I'm not sure I saw a bearer transaction reference in there, :-), but you
have to remember that Zimmerman started out as a no-nukes leftist, Diffie
is was, as noted, a "red-diaper" baby, Berners-Lee has always been more
like Phill Hallam-Baker than Tim May, and, well, Stephenson is a *writer*,
for god's sake... :-).

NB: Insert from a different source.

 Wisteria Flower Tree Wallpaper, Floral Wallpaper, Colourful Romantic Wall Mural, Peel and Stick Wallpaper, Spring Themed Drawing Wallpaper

Finally, of course, like Simpson Garfinkel, another
person who thinks commerce more evil than "policy", David Chaum himself
strikes me more as a liberal with a privacy fetish, than a libertarian,
much less cypherpunk.
Seriously, with its title firmly tucked in cheek, CFP has always been about
politics, which means government, which doesn't mean code, so you can't
really consider what happens there to be even libertarian, much less
anarcho-capitalist, which is where most people who started the cypherpunks
list, Gilmore included, ended up once they understood the implications of
cryptography and a ubiquitous internetwork.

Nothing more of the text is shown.